Seán Kelly (PPE). – (EN) Monsieur le Président, rien ne sert de courir, il faut partir à point, je vous remercie donc de me donner la parole.
Je viens d’Irlande, pays où la pomme de terre est très chère aux yeux des citoyens, car avant la Grande famine, c’est elle qui nourrissait la population. Lorsque le mildiou de la pomme de terre est apparu en 1847, quatre millions de personnes en sont mortes, sur une population de huit millions d’habitants. Depuis lors, aucun repas n’est complet sans pomme de terre, ou «spud», comme nous l’appelons en Irlande. Par conséquent, tout évènement menaçant l’avenir des cultivateurs de pomme de terre glace le sang des citoyens irlandais.
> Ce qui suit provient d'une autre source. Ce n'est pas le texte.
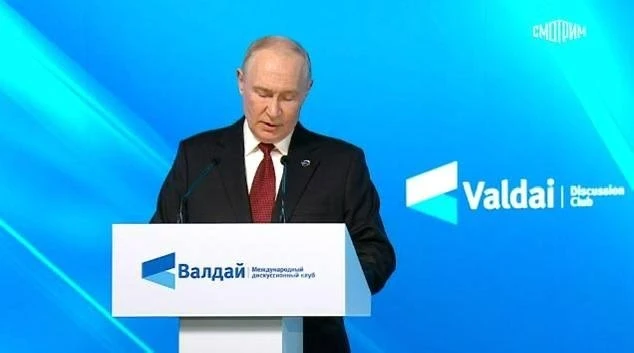 ‼ Россия не собирается ни на кого нападать "ни в 2029-м, ни в 2030-м, ни в 2050 году", ...
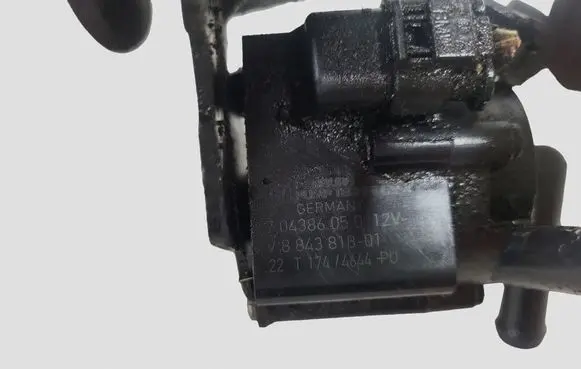 Citroen DS3 Electric auxiliary coolant/water pump 704386050 V884381801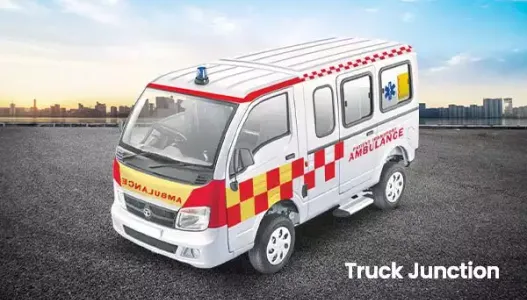 Tata Magic Express Ambulance Tempo Traveller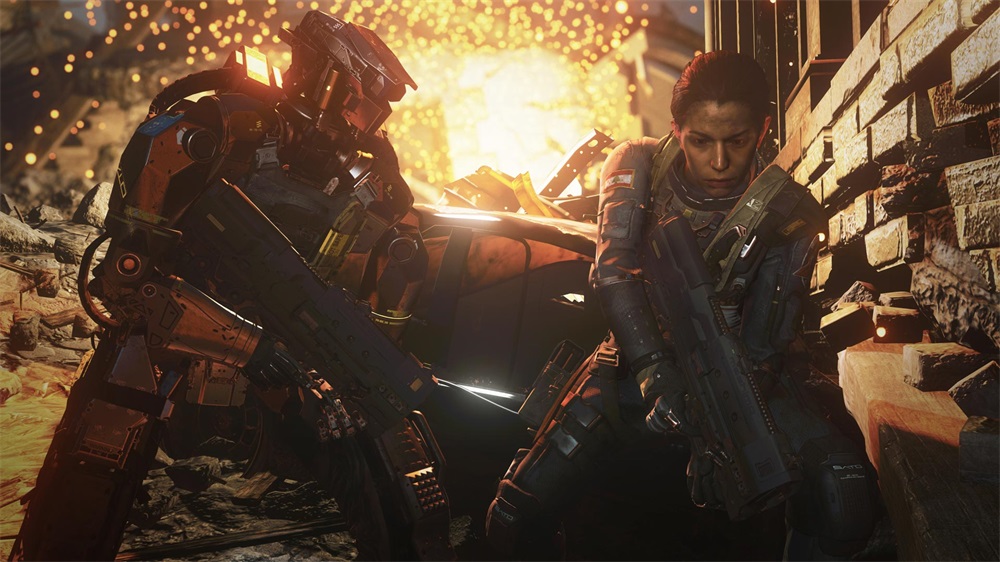 Call Of Duty: Infinite Warfare PC játékszoftver
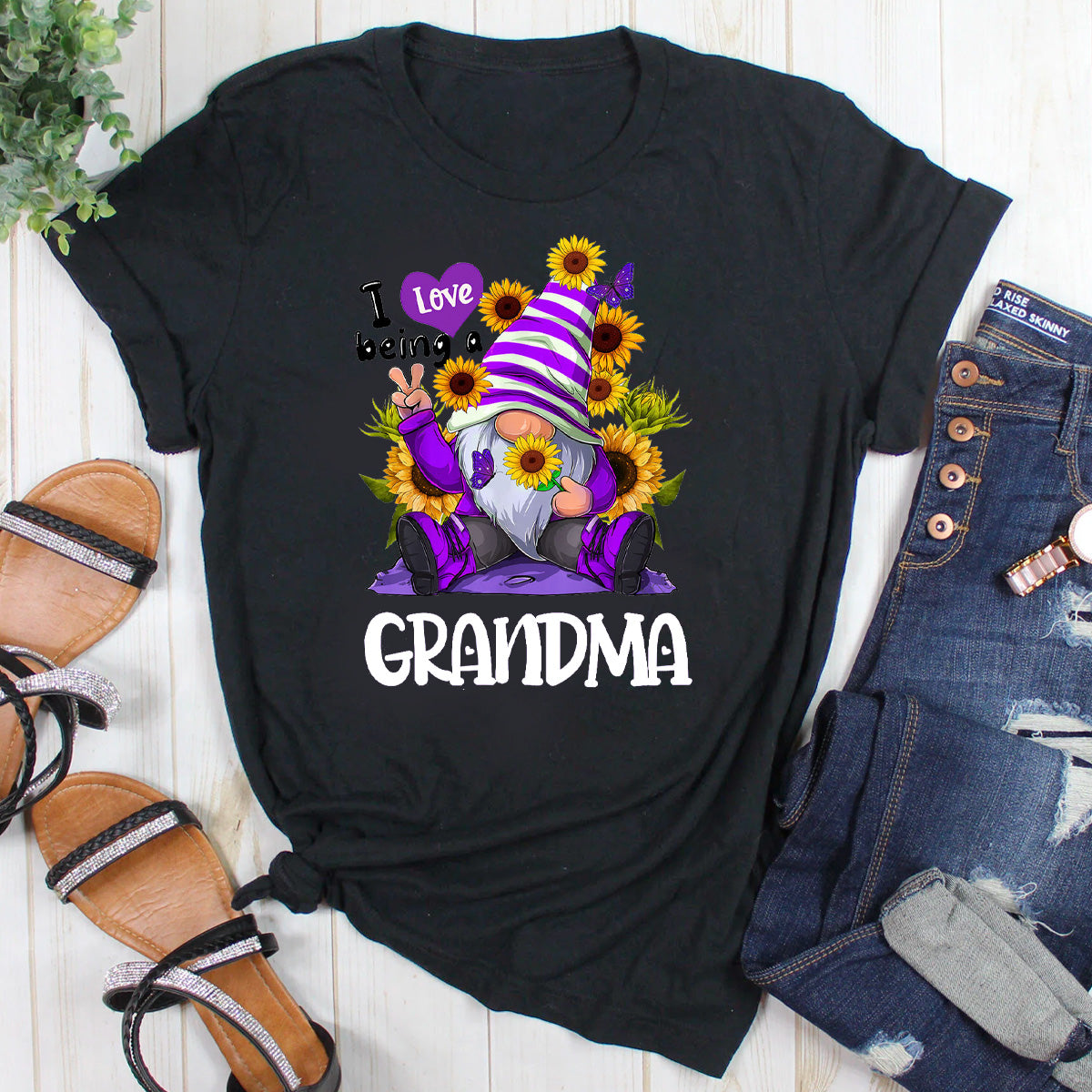 I Love Being A Grandma T-Shirt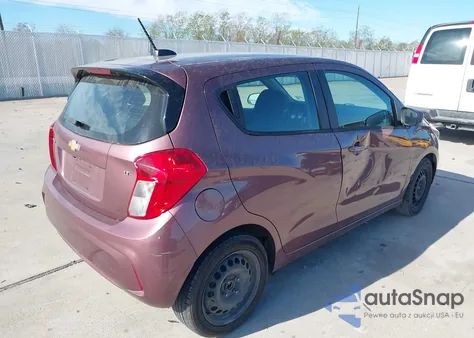2021 Chevrolet Spark Fwd 1Lt Automatic from USA, damaged, VIN KL8CD6SA8MC750012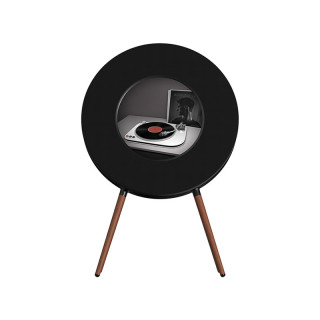 MORRORART MORROR ART R1唱片歌词音箱(黑色)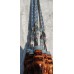 Набір шампурів з дерев'яною лакованою ручкою 70 см 6 шт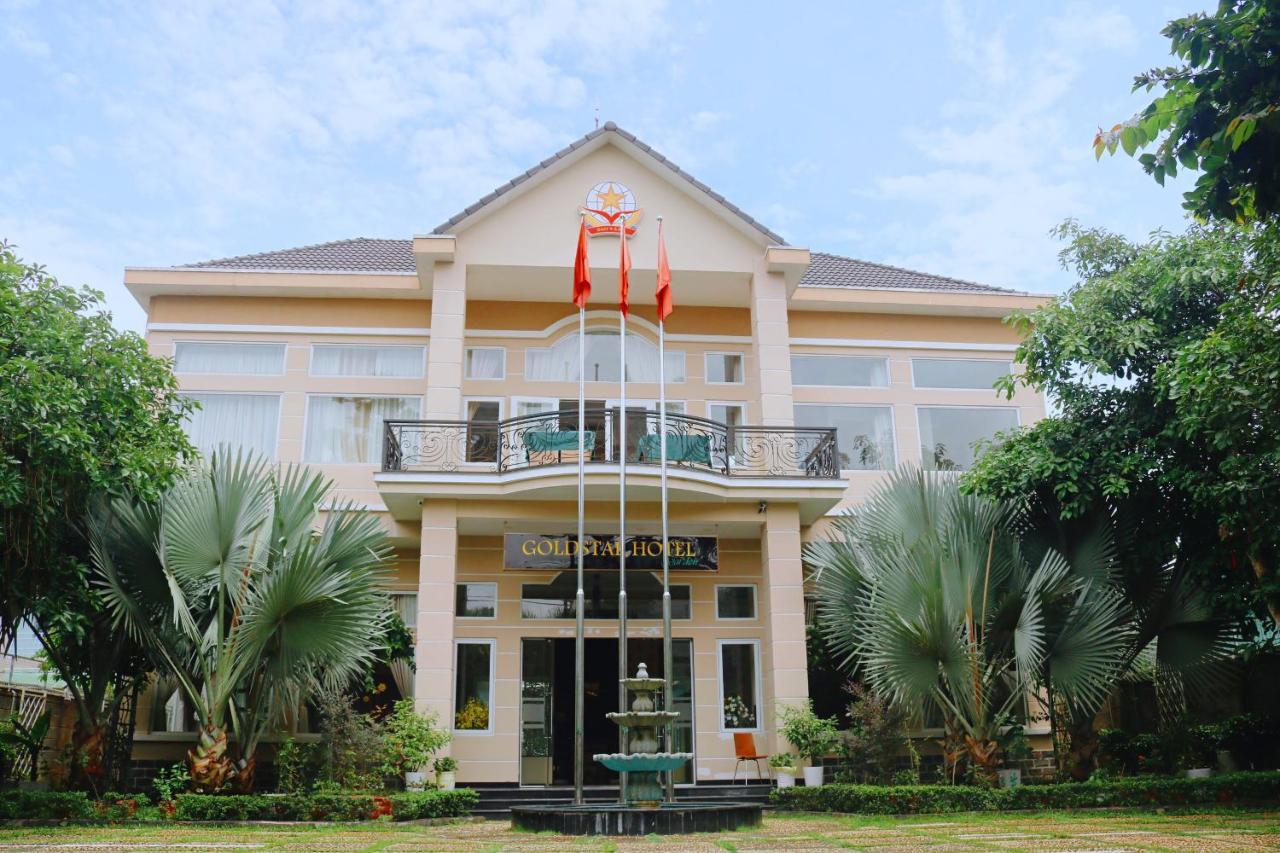 Sao Vang Hotel Bao Loc Exterior foto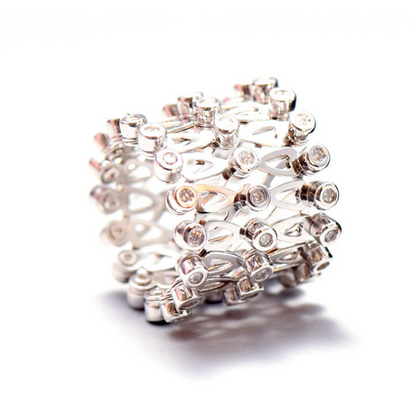New Flexible Magic Sterling Silver Ring – photo 5 – Avaiya Gems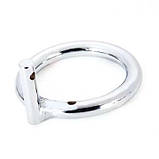 Сталевий пояс вірності - 9*4,5 см - Садо-мазо, фото 3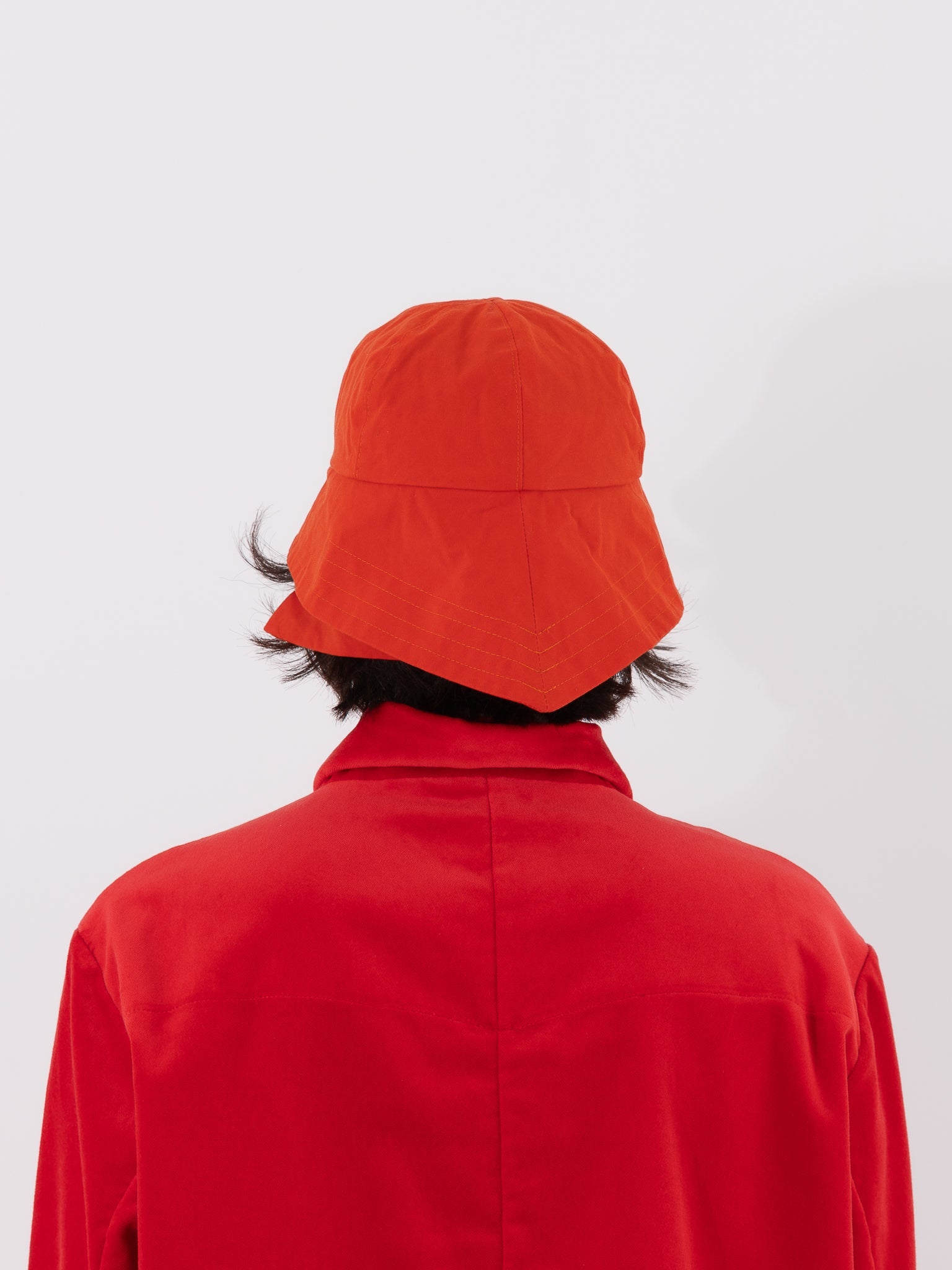 Studio Kettle Offshore Hat in Tangerine - STUDIO KETTLE at Worthwhile - shop HAT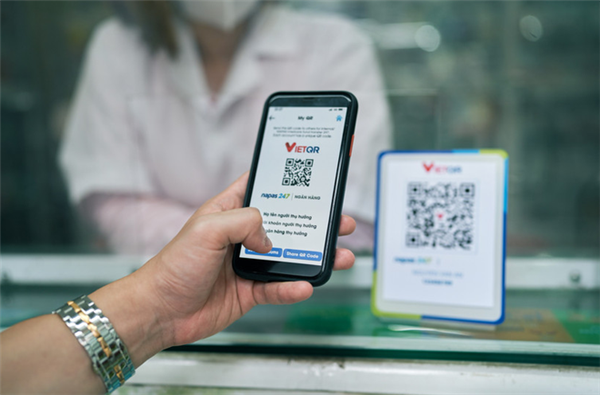 Le QR code, symbole du développement de léconomie numérique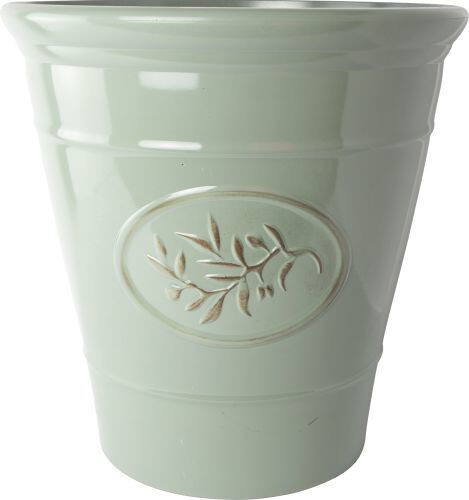 Large olive green plastic - large,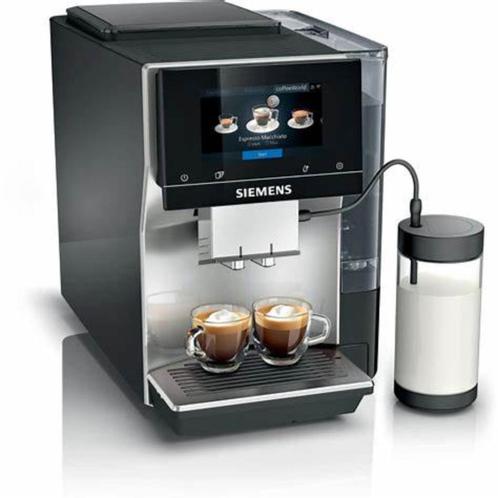Siemens EQ700 TP715D47, Witgoed en Apparatuur, Koffiezetapparaten, Nieuw, Koffiebonen, Espresso apparaat, 2 tot 4 kopjes, Afneembaar waterreservoir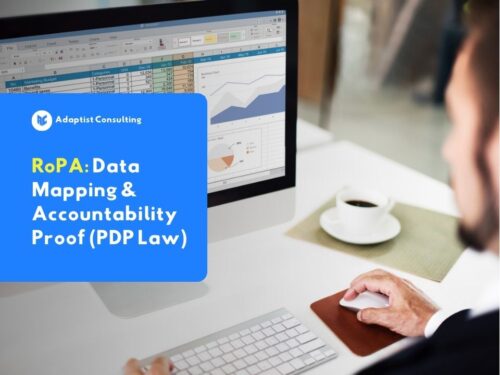 RoPA as a foundation for recording personal data processing in accordance with the PDP Law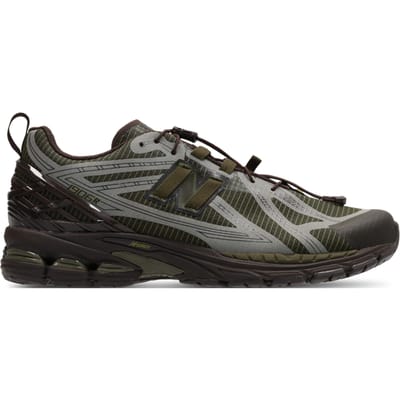 New Balance 1906R Sneakers Heren - Bruin - Maat 40 - Mesh/Synthetisch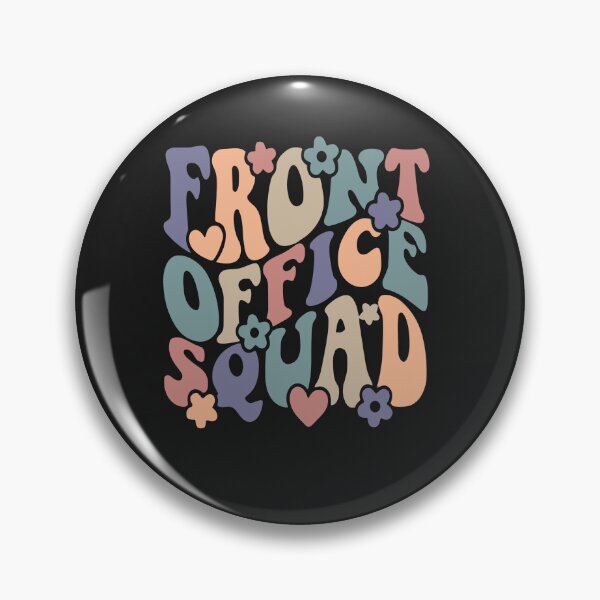 Item preview, Front Office Squad Team For Administrative Assistants designed and sold by Pitchou07.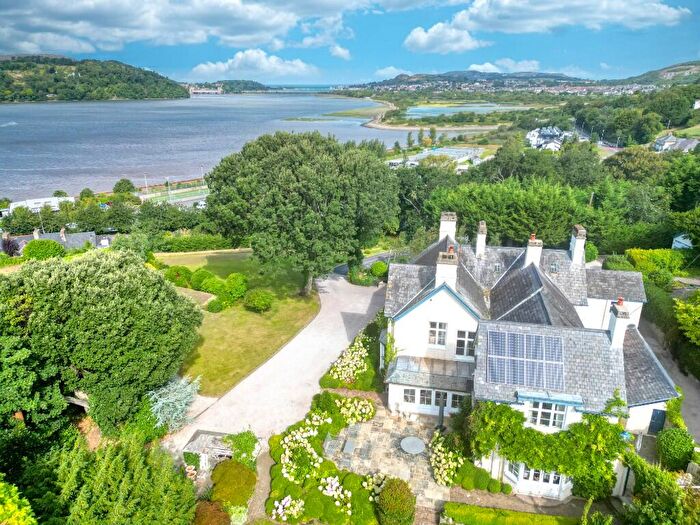 5 Bedroom Character Property For Sale In Llanrwst Road, Glan Conwy, LL28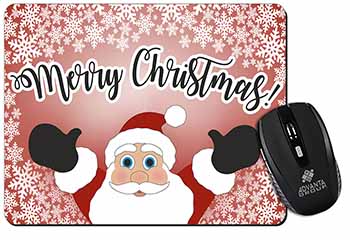 Merry Christmas Computer Mouse Mat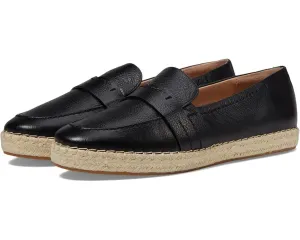 On Black Haan Discounted coupons Cloudfeel Montauk Rounded Leather Best-seller Slip Flats Espadrilles Cole Toe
Plusieurs intervenants se sont déjà exprimés - et je partage leurs craintes - au sujet de l’avenir du secteur de la pomme de terre, et comme l’a souligné le commissaire, dans le cadre de la nouvelle mouture de la PAC, après 2013, ce secteur devra faire l’objet d’une attention particulière. C’est tout à fait vrai.
Enfin, Monsieur le Président, je voudrais simplement vous remercier pour votre présidence ce soir. Si je n’étais pas contre le clonage, je penserais que vous devriez être cloné!
John Dalli, membre de la Commission. – (EN) Monsieur le Président, je voudrais remercier sincèrement le Parlement pour cet intéressant débat. Je suis d’accord avec vous sur le fait que le secteur de la fécule de pomme de terre peut jouer un rôle important dans le développement futur des bioplastiques et d’autres produits chimiques écologiques. Je comprends également les craintes exprimées au sujet de la possibilité que la fin des aides découplées et du régime de contingents n’entraîne quelques problèmes pour les producteurs de fécule de pomme de terre. Nous devons toutefois prendre dûment en considération le cadre budgétaire dans lequel nous travaillons, ainsi que le cadre juridique en vigueur et le calendrier.
La direction générale de l’agriculture recevra sous peu une étude d’évaluation du secteur européen de l’amidon de céréales et de la fécule de pomme de terre, et les discussions sur l’avenir de la PAC après 2013 sont toujours en cours. Je suis convaincu que dans ce cadre, nous pourrons trouver une solution plus adaptée, efficace et durable que toute mesure ponctuelle adoptée dans le cadre actuel.
Esther de Lange, auteure. – (NL) Monsieur le Président, je voudrais faire trois observations. J’adresse la première à M. Kelly et à son touchant plaidoyer pour la pomme de terre. Nous parlons ici de pommes de terre qui sont légèrement différentes de celles que vous servez à table, à savoir les pommes de terre féculières. Mais ces problèmes sont bien entendu liés, car pendant que l’industrie de la fécule de pomme de terre s’effondre, la production du secteur de la pomme de terre traditionnelle augmente, et cela entraîne des problèmes sur le marché.
Ma deuxième observation s’adresse au commissaire, qui déclare sans arrêt que cela ne marchera pas, alors que l’industrie de la fécule de pomme de terre a proposé des pistes pour trouver une solution. Le message que nous voulons faire passer est le suivant: de grâce, veillez à traiter ces propositions avec impartialité, car même si ce débat concerne effectivement l’après-2013, faire sans arrêt référence à la situation après 2013 n’est pas très productif. Or, c’est exactement ce que le commissaire fait. En 2013, il sera trop tard. Ce secteur risque de s’effondrer en 2012. Il nous faudra un régime de transition pour 2012 et 2013, de manière à pouvoir de nouveau inclure ce secteur dans la politique agricole générale devant entrer en vigueur en 2014.
Tel est l’appel sincère que j’adresse au commissaire.